Task statement:
Hunt through the entries for the word "patio" and copy each line in which it appears.

[Start of section]

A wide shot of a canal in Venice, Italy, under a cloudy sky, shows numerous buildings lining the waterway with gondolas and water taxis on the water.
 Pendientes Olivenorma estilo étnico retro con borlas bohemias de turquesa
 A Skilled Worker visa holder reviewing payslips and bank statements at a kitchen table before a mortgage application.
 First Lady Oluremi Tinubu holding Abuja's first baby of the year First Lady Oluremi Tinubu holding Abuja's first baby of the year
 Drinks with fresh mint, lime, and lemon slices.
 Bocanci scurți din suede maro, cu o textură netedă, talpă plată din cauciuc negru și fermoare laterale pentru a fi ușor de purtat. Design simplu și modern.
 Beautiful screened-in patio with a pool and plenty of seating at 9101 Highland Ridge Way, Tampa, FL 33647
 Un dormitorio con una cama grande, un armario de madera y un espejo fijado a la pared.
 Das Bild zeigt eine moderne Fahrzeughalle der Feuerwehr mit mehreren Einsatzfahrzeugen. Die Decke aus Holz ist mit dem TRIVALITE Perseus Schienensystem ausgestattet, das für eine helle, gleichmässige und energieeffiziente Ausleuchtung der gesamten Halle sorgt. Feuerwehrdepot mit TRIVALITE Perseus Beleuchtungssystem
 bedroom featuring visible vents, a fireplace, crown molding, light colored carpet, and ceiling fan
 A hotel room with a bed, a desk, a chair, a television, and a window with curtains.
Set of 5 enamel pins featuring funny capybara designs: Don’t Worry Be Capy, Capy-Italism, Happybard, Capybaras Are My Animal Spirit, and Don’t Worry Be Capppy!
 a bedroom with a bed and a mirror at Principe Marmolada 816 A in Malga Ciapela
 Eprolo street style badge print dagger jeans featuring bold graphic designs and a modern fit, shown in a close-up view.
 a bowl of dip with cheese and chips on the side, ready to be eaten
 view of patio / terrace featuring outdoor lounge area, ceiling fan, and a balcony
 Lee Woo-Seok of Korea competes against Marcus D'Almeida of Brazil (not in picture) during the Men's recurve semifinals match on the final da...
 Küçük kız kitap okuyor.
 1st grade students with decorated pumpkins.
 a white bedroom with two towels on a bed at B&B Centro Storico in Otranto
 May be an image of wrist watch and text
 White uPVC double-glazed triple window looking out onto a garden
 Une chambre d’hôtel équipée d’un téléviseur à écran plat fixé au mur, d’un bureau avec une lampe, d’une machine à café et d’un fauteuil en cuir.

[End of section]

Problem solution:
 Beautiful screened-in patio with a pool and plenty of seating at 9101 Highland Ridge Way, Tampa, FL 33647
 view of patio / terrace featuring outdoor lounge area, ceiling fan, and a balcony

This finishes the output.